■ What to produce: Output the listing word for word, minus images.

■ Material for this exercise:
# # # # # # #
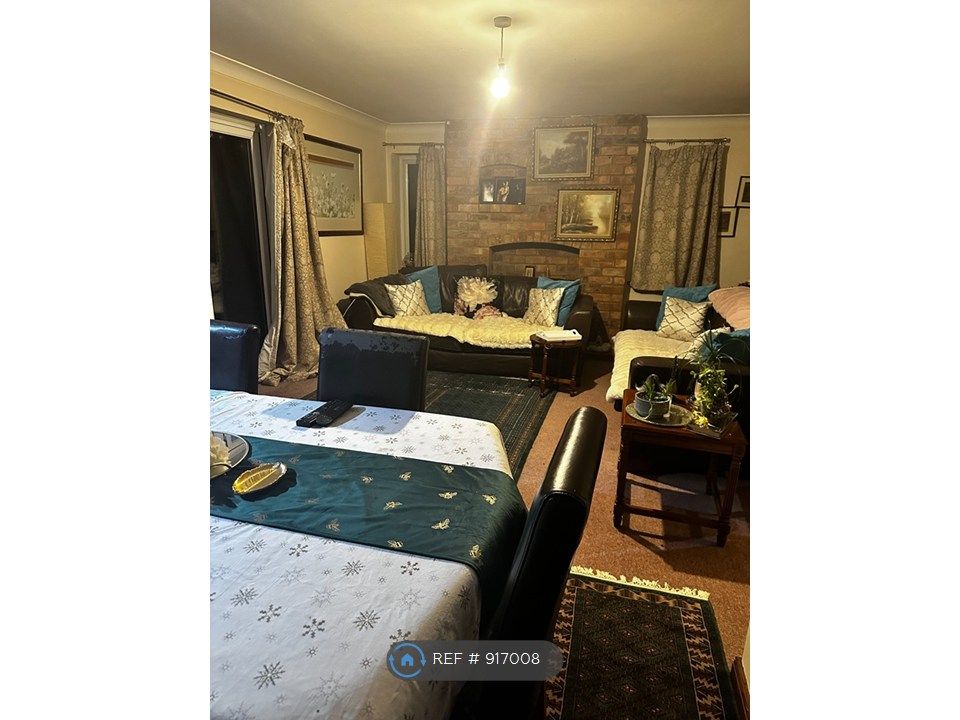 Property photo 2 of 4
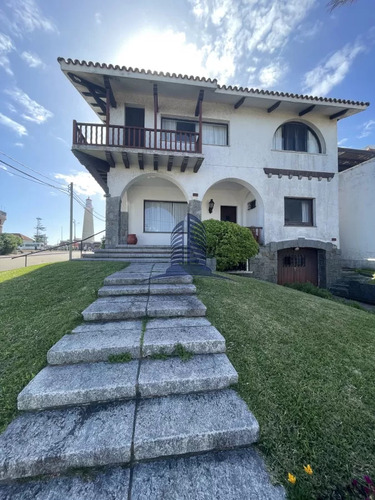 Casa En Venta - Peninsula, A 1 Cuadra De La Rambla, 5 Dormitorios 4 Baños 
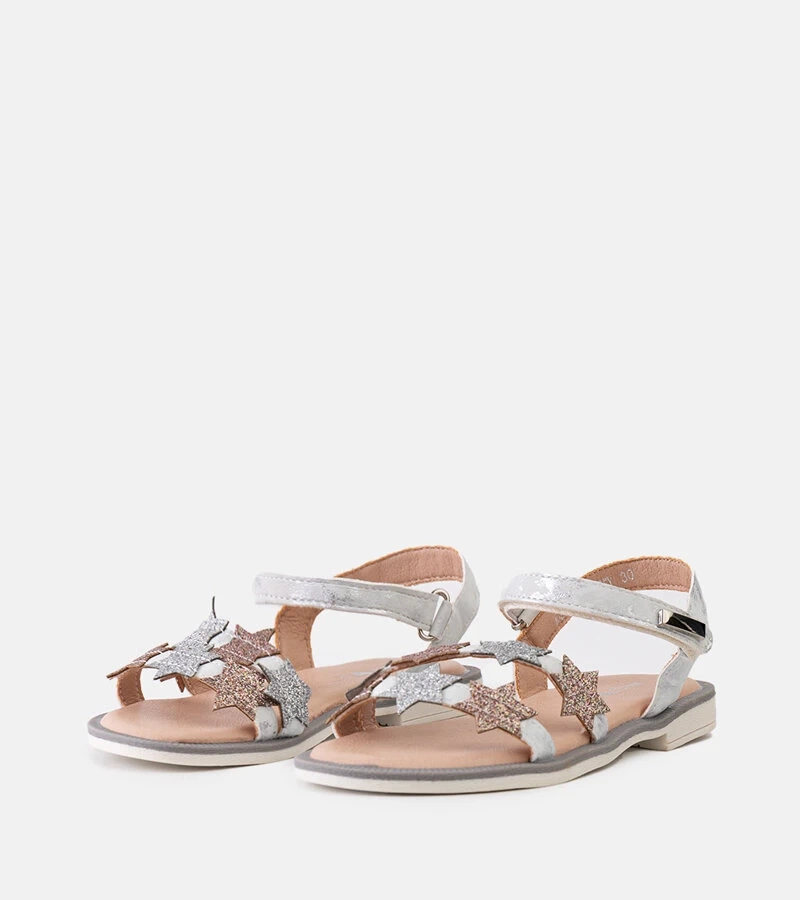 Graue Kinder-Sandalen mit glitzernden Sternen von Charisa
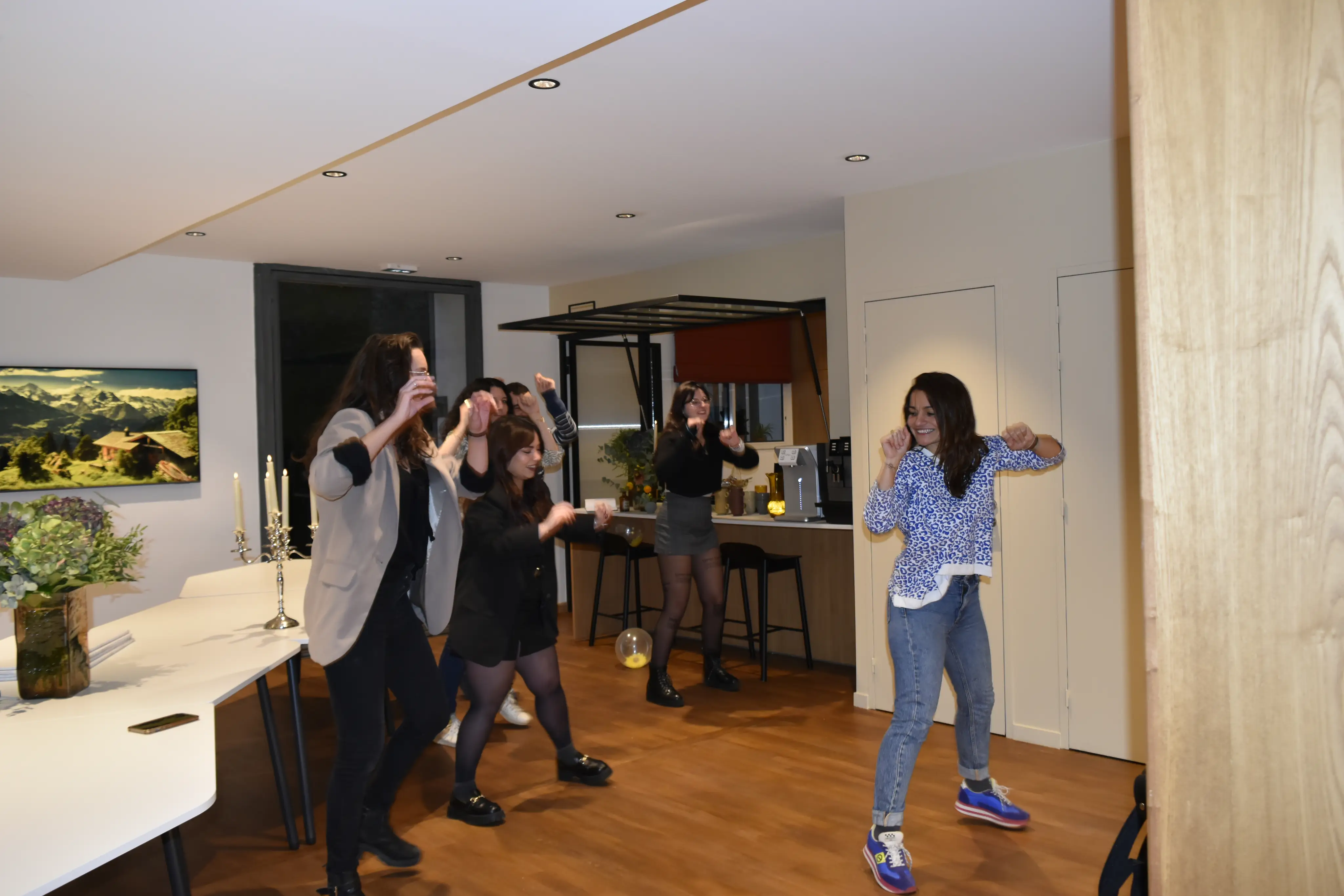 Murder party : Résolvez l'enquête ! 4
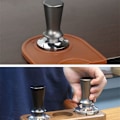 Miniatyrbillede 5 af 5: Kalibreret Tryktamper til Kaffe og Espresso - 304 Rustfrit Stål med 51 mm Fjeder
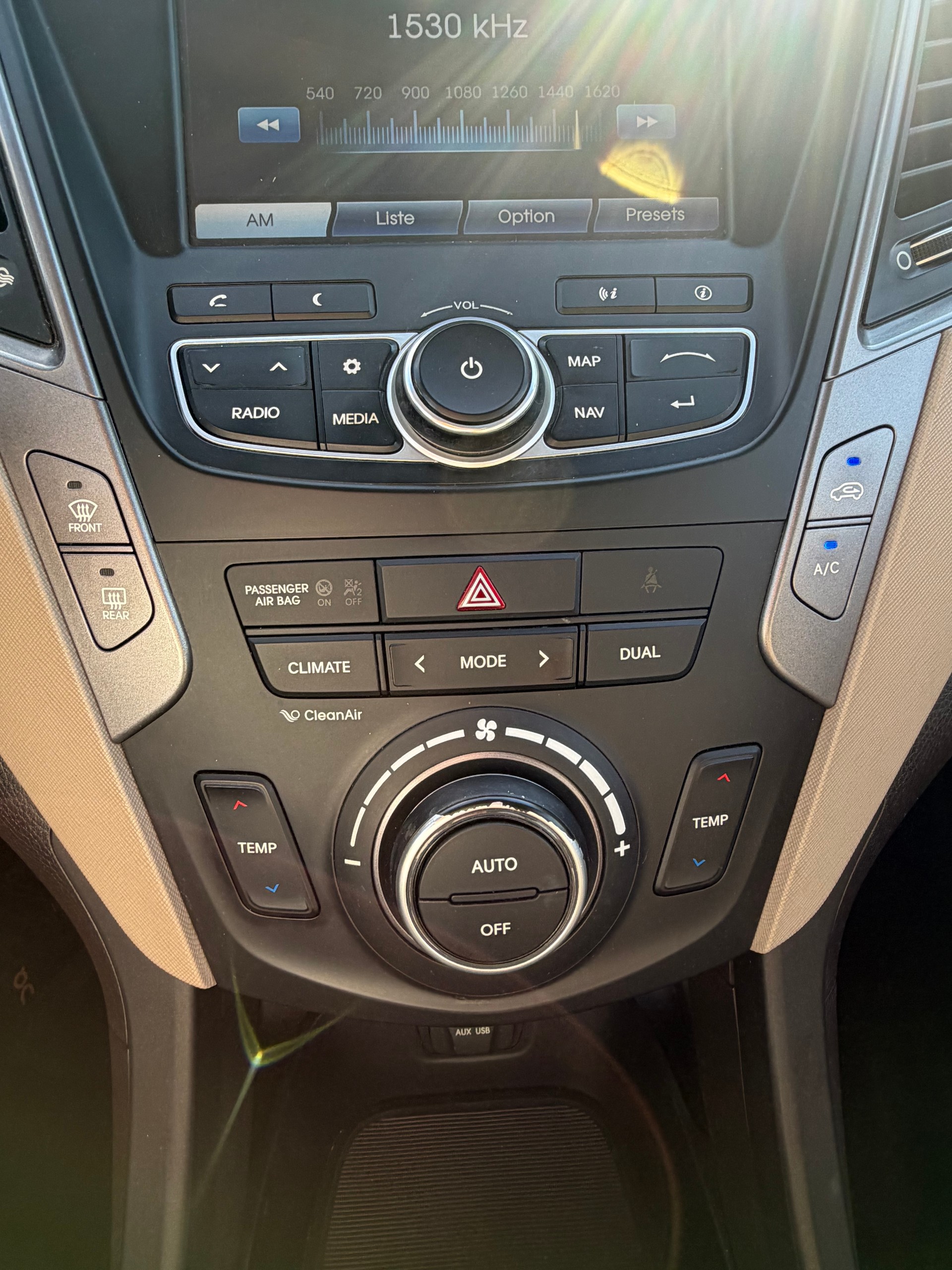 HYUNDAI Santa Fe 2.2 CRDI Premium 4WD-image-16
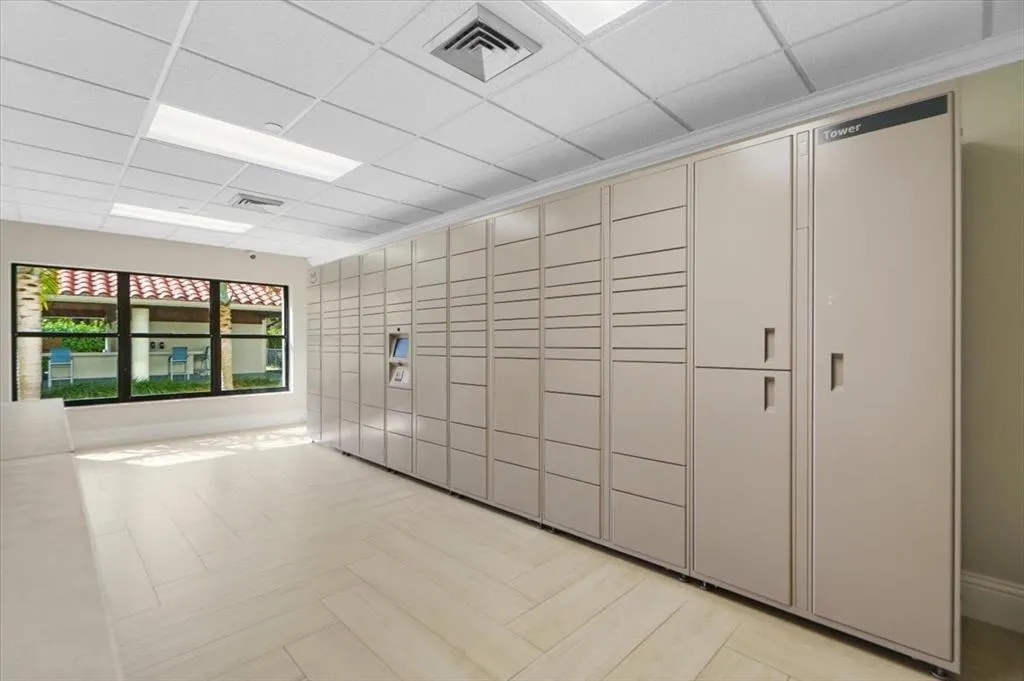3200 N Port Royale DR N, #1012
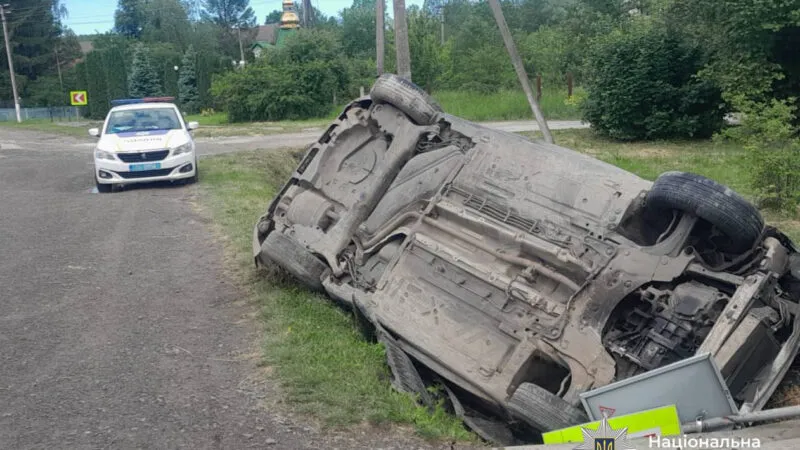 ДТП на Прикарпатті: водій не впорався з керуванням на з’їхав в кювет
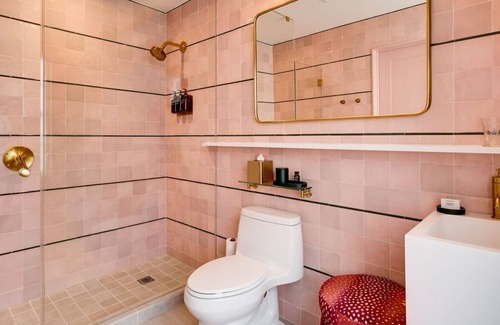 South Beach Hotel | Step Into A World of Refined Indulgence! Private Parking!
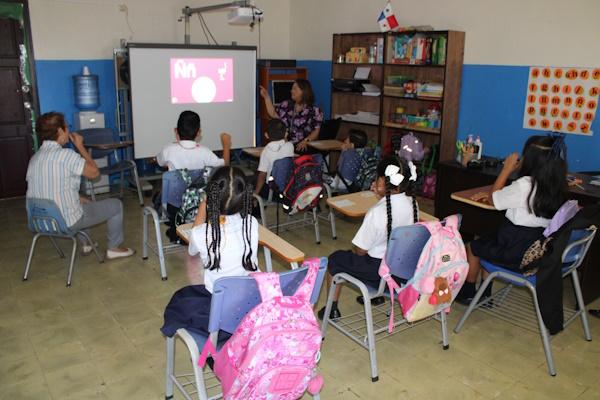 Estudiantes de la Escuela Nacional de Sordos Fortalecen Habilidades con Clases de Ritmo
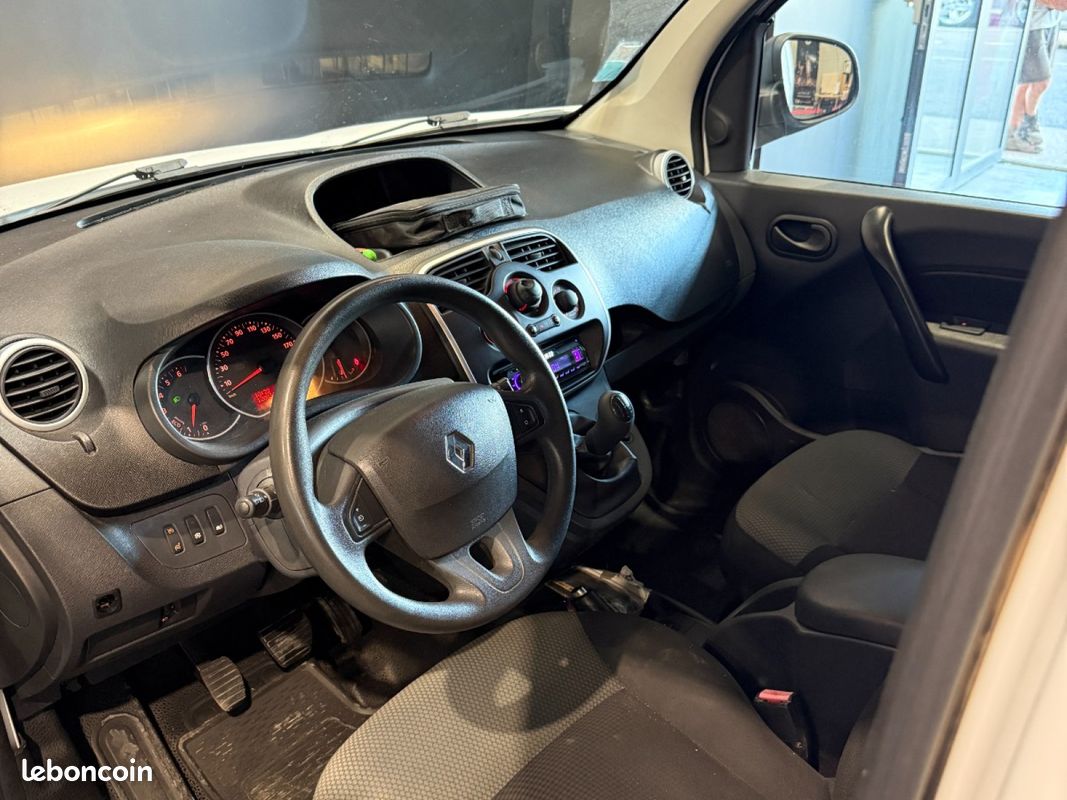 RENAULT KANGOO dCi 90 Energy Zen (image 9)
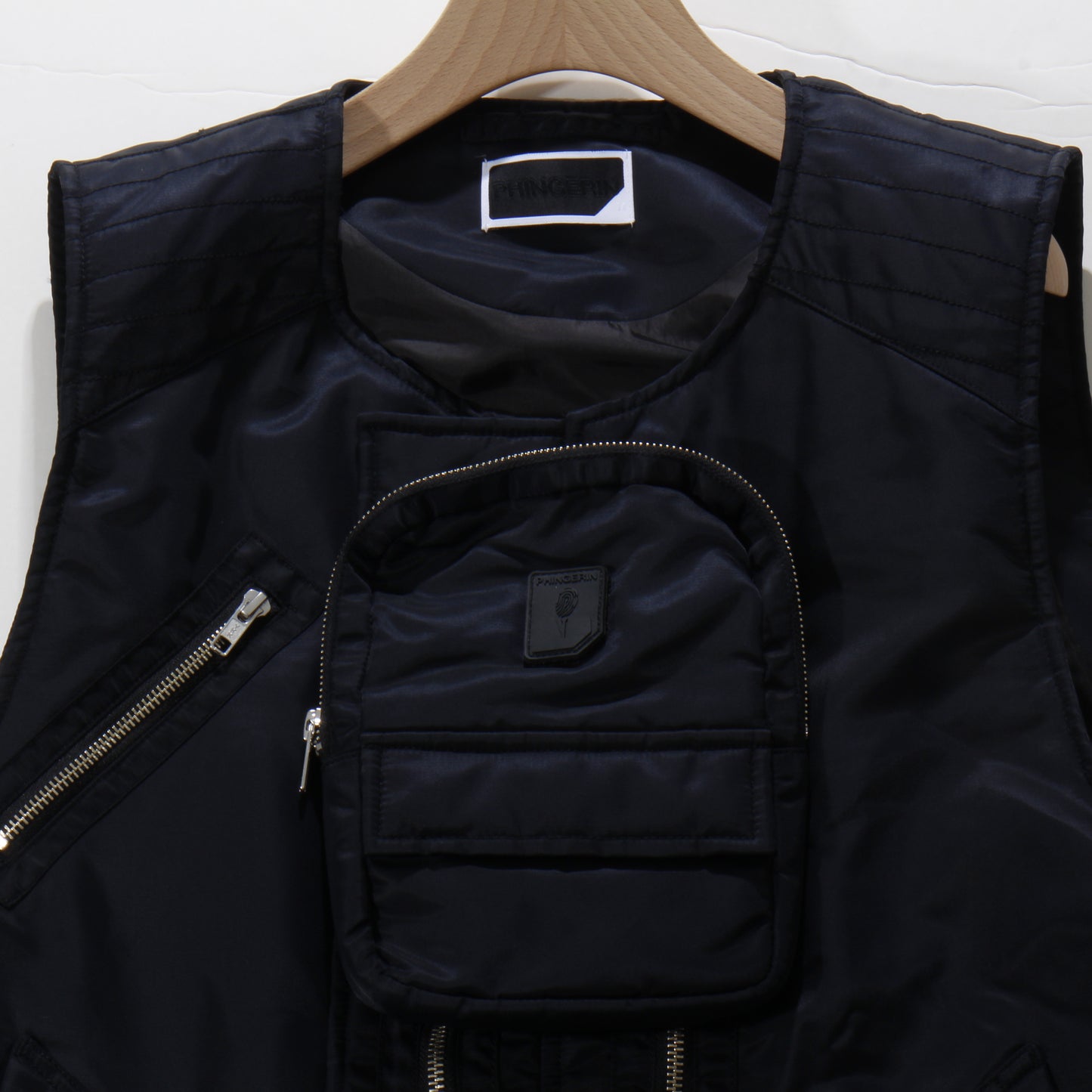 ELEVATION BOMBER VEST / BLACK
# # # # # # #
■ Answer section:
 Property photo 2 of 4
 Casa En Venta - Peninsula, A 1 Cuadra De La Rambla, 5 Dormitorios 4 Baños 
 Graue Kinder-Sandalen mit glitzernden Sternen von Charisa
 Murder party : Résolvez l'enquête ! 4
 Miniatyrbillede 5 af 5: Kalibreret Tryktamper til Kaffe og Espresso - 304 Rustfrit Stål med 51 mm Fjeder
 HYUNDAI Santa Fe 2.2 CRDI Premium 4WD-image-16
3200 N Port Royale DR N, #1012
 ДТП на Прикарпатті: водій не впорався з керуванням на з’їхав в кювет
 South Beach Hotel | Step Into A World of Refined Indulgence! Private Parking!
 Estudiantes de la Escuela Nacional de Sordos Fortalecen Habilidades con Clases de Ritmo
 RENAULT KANGOO dCi 90 Energy Zen (image 9)
 ELEVATION BOMBER VEST / BLACK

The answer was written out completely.